Helmrich testified that he had implemented
a verbal policy during his
visit to Durban during April 2001. Jooste and the applicant were
aware of the instructions. Moreover,
the applicant had admitted
receiving a written instruction on 20 November 2001 that a minor
works contract must be used for work
in excess of R100 000. The
applicant had not used the contract. Her explanation at the
arbitration was that she was under extreme
pressure. So it was
submitted for first respondent at the arbitration.
[8] On this charge the second
respondent reasoned as follows:
"Frankly, it is not my
intention to make a credibility finding and to determine whether, in
fact, Mr Helmrich did present
a seven point procedure in the
form of an instruction or not. I believe that it is common cause
that at least some of the so-called
points have been communicated and
accepted by the Employee. This relates to:
1. the fact that in event of a
large tenant installation work, the tenant installation manager would
be obliged to obtain three
tenders/quotes for such work.
2. that
in relation to larger works, the tenant installation manager and the
Regional Manager would be obliged to complete a Minor
Works Contract,
which would have to be signed by the manager and the Regional
Manager, as well as the contractor.
3. that
a proper evaluation process would have to be followed in relation to
adjudicating the tenders submitted; and
4. that
the procedure followed would have to be above board and, more
particularly, in relation to the Employee where Mr Don
James
and/or his companies had submitted quotations/tenders. Particular
care would have to be taken that the procedure was 'wholly
above
board'."
[9] The second respondent
agreed with the first respondent's witness that the applicant's
failure to ensure that the contract with
James, on behalf of his
firm, Woodford Interiors, was duly signed by the parties, was grossly
negligent as the purpose of the contract
was to pass risk to the
contractor, James. This was especially important in the FNB contract
as the first respondent was in a
position of possible risk and
potential prejudice because the tender was subject to remeasurement.

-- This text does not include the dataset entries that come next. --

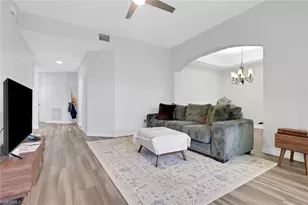 1335 Mariposa Cir, Naples, FL 34105 - Photo 6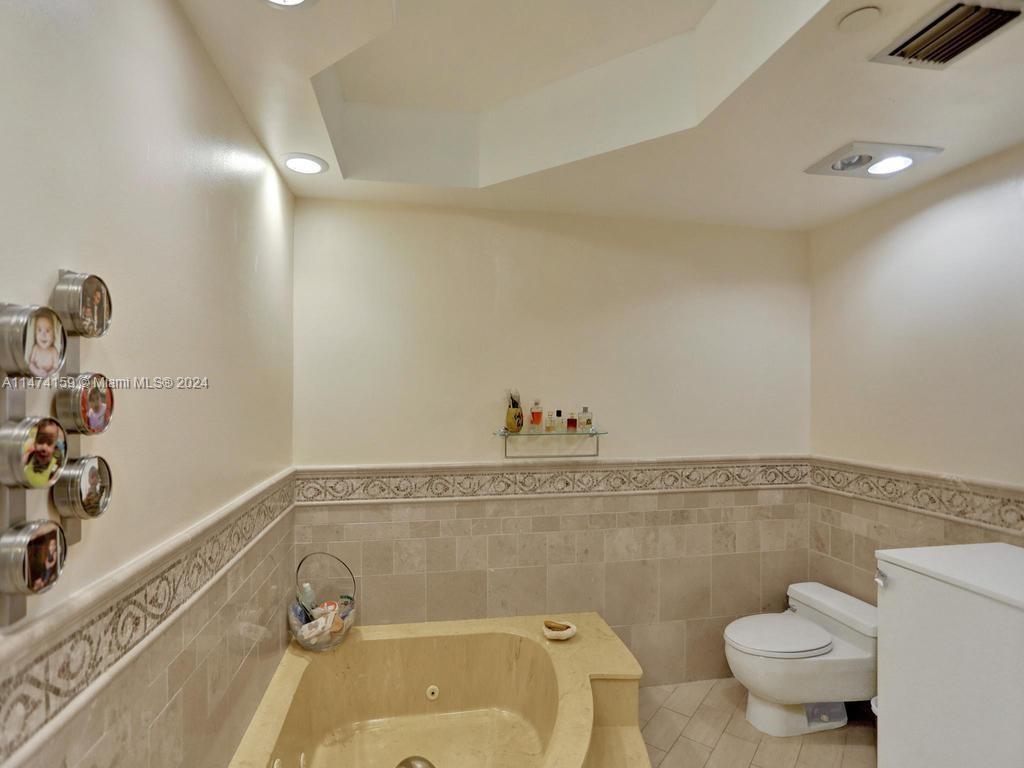 20281 E Country Club Dr Unit: 2010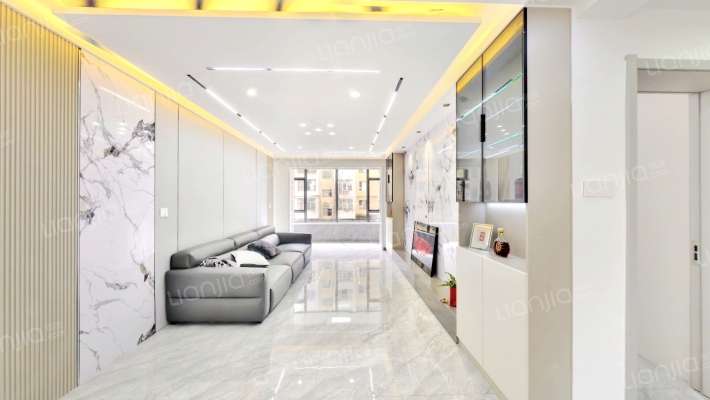 龍城小区二手房实景图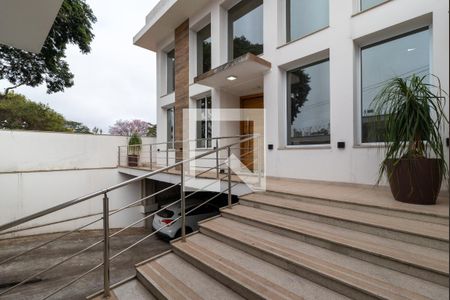 Casa à venda com 700m², 3 quartos e 8 vagasEntrada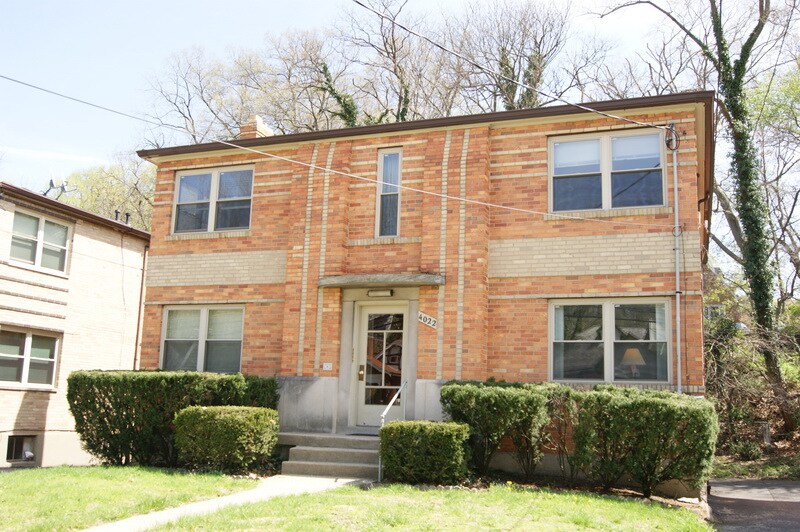 4022 Paxton Ave Unit D, Cincinnati, OH 45209 Room for Rent in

The second respondent found
that:
"the instruction issued by
Fred de Witt relating to the Minor Works Contract was clear and
unambiguous. I believe that the
Employee's oversight relating to
such a large piece of work - the largest that year - is unacceptable.
I believe for her to say
it was merely an oversight, in my view, is
not acceptable. I believe the position is compounded by the fact
that she was aware
that in relation to Don James/Woodford Interiors,
every effort should be made to ensure that the process was above
board. She
said that she assumed that Mr Jooste would follow
the accepted process. However, as a signatory to the Minor Works
Contract,
the Employee must have known, or ought to have known, that
no written contract was presented to the successful contractor. I
agree
with Mr van der Merwe when he said that given the fact
that the tender was subject to re - measurement, it was more
necessary
to reduce the terms to writing to ensure that a final price
had been agreed upon. Not to do so, in my view, is negligent. It is

my view that the tender process in relation to FNB fell short at
least in three senses, and as the responsible Regional Manager,
it is
my view that the Employee was grossly negligent in not ensuring that
a proper process was followed. I say this also in the
light of the
fact that Mr Helmrich had already expressed his concerns as
early as April 2001 and the audit report had been
received during the
middle of that year. This, coupled with Mr de Witt's e-mail of
20 November, should have made the Employee
more alert and aware of
what was required. I therefore find the employee guilty of charge
1."
[10] The second charge arose
as a result of the applicant's interest in Sacramento Investments CC
(“Sacramento”).
The case against the applicant was that
she did not disclose her outside commercial interest to the first
respondent, had a conflict
of interests with the first respondent,
had competed with the first respondent and enriched herself at the
expense of the first
respondent.
[11] Her defence was that
Sacramento was a development of a small commercial building in
Durban. Her interest in it was only
a 25% membership. She submitted
that the case against her was based on her alleged contravention of
paragraph 4 of the first
respondent's Code of Conduct in that
she had a personal interest in a transaction to which the first
respondent or its holding
company was a party. She conceded that she
had not obtained first respondent's permission to invest in
Sacramento but denied that
she contravened the Code of Conduct. She
also contended that the sanction of dismissal was grossly
unreasonable.
[12] The first respondent
pointed out that the 25% membership interest in Sacramento was the
largest individual membership holding
of all the six members of the
close corporation. It rejected the submission that Sacramento had
invested in a small commercial
building. The building was sold for
R11,2 million. It denied that its case against the applicant was
limited to a breach of the
Code of Conduct. The charges expressly
included breaches of her obligations to the first respondent at
common law. The charge
was not only about her having a personal
interest in which the first respondent was a party but about her duty
of good faith to
the first respondent, which precluded her from being
directly or indirectly involved in or having an interest in another
business
or doing anything which created a conflict of interest
between her personal interests and those of the first respondent.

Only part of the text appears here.